Tal como tenho vindo a apreender em vários trabalhos sobre este território, o Tâmega e Sousa está neste momento mais recente a capitalizar as suas relações de proximidade e contiguidade com os territórios mais dinâmicos do Noroeste, a Área Metropolitana do Porto, o Ave e o Cávado, beneficiando de dinâmicas de investimento por continuidade espacial e tirando partido de, em ambiente geral de declínio demográfico, se tratar de um território ainda com uma massa apreciável de população jovem e crescentemente qualificada.
O desaparecimento do Noroeste do mapa dos dinamismos tem de ser convenientemente interpretado e, em meu entender, deve-se ao facto das principais concentrações industriais e urbanas desse território estarem hoje a atravessar um modelo de crescimento intensivo e não extensivo. Particularmente o Ave o Cávado, mais do que a própria AMP, estão mergulhados em processos de investigação, desenvolvimento e inovação (I+D+I) que correspondem à passagem de um modelo essencialmente extensivo a um outro de modelo de crescimento intensivo, tendo por enquadramento a economia aberta e um ecossistema de inovação também profundamente aberto ao relacionamento com o exterior. Por isso, o desaparecimento observado do mapa de João Ferrão não é uma tragédia, antes uma mudança virtuosa não apreensível em meu entender no naipe de variáveis que o investigador utuiliza para a sua análise de fluxos.
Quanto às restantes dimensões da entrevista e da investigação que a suporta estamos de acordo como aliás praticamente sempre estivemos, com oportunidade de em diferentes trabalhos o demonstrar.

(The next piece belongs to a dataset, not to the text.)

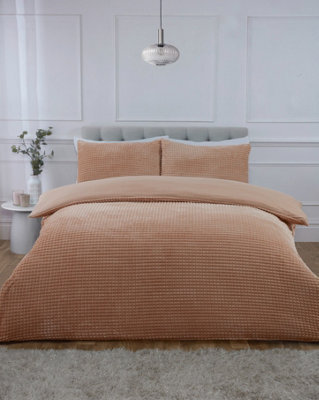 Rapport Home Luxury Waffle Teddy Polyester Fleece Duvet Cover Set With Pillowcase - image 1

A necessidade urgente de uma política nacional de Cidades que a programação de 2021-2027 continua a não oferecer, nem com a ajuda do complemento do PRR, continua, pelo facto de não ser colmatada, um mistério incompreensível, que nem o próprio João Ferrão conseguiu impor quando passou pela Secretaria de Estado do Ordenamento do Território e das Cidades. A referência de João Ferrão à densidade relacional dos territórios e a explicação que ele fornece para a ausência de dinamismo de algumas Cidades precisamente pela debilidade dessa densidade relacional vale todo o suplemento.